Angular lifecycle hooks methods

Posted By :Neeraj kumar Goswami |30th March 2023

Lifecycle hooks are a unique feature in Angular that allows us to "hook into" and run law at a specific lifecycle event of a element or directive.

Angular manages factors and directives for us when it creates them, updates them, or destroys them. With lifecycle hooks, we can gain better control of our operation.

To do this, we add some specific hook styles prefixed with ng to our element or directive. These hooks are resolve into two types hooks for factors or directives and hooks for child factors.

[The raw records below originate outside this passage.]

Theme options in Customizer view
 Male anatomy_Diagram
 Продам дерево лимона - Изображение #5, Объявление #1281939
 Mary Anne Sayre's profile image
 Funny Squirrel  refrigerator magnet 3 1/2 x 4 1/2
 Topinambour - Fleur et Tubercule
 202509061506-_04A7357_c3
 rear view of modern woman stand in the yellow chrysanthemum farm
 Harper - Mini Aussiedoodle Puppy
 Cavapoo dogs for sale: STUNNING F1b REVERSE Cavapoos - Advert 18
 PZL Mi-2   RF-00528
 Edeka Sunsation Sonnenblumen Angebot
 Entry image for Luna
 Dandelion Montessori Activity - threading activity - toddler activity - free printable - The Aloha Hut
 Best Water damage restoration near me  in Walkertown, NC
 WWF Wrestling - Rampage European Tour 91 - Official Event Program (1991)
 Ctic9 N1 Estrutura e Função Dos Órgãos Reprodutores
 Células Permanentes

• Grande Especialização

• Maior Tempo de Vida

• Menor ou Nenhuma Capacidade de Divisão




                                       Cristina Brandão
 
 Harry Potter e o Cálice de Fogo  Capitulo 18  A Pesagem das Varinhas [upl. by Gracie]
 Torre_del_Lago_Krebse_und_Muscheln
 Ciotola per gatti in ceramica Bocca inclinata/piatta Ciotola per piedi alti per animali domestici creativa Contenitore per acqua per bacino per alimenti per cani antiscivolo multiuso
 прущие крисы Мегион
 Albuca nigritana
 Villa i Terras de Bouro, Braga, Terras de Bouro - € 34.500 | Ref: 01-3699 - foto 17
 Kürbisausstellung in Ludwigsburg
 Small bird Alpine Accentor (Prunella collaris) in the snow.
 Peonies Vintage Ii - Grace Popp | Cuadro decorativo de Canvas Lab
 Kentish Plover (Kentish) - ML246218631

This composition will cover the following

  • The different lifecycle hooks for Angular factors and directives
  • How to hook into element lifecycles to run our law
  • What triggers lifecycle hooks and the order in which they're called

These are the hooks for factors or directives, in call order

  1. constructor()
  2. OnChanges
  3. OnInit
  4. DoCheck
  5. OnDestroy 


And these are the hooks for a element’s children factors


  1. AfterContentInit
  2. AfterContentChecked
  3. AfterViewInit
  4. AfterViewChecked


The following table summarises the Angular lifecycle hooks:

OnChangesCalled when the input properties have changed
OnInitCalled on initialization
DoCheckDeveloper’s custom change detection
OnDestroyCalled before the component is destroyed
AfterContentInitCalled when the component’s content ngContent is initialized
AfterContentCheckedCalled whenever the component's content is updated or checked for updates.
AfterViewInitCalled when the component’s projected view has been initialized
AfterViewCheckedCalled after the projected view has been checked


Hooks for factors or directives

In Angular, factors are the lowest units of structure blocks for a element tree. This enables us to develop and maintain our codebase veritably fluently. factors are classes with the@Component() decorator on the them, like so

Directives are technically factors, but they operate on thenon-UI part of the DOM. Their work is to add redundant functionality to the DOM. Directives are also classes, but decorated with the@Directive() class decorator.

The following are lifecycle hooks for factors or directives, with explanations of how they work and how to use them.

This is the constructor we're familiar with in JS classes. It's included because our factors directives are JavaScript classes with either an@Component or@Directive decorator. So this constructor is called when our element/ directive case is created by Angular using the new keyword.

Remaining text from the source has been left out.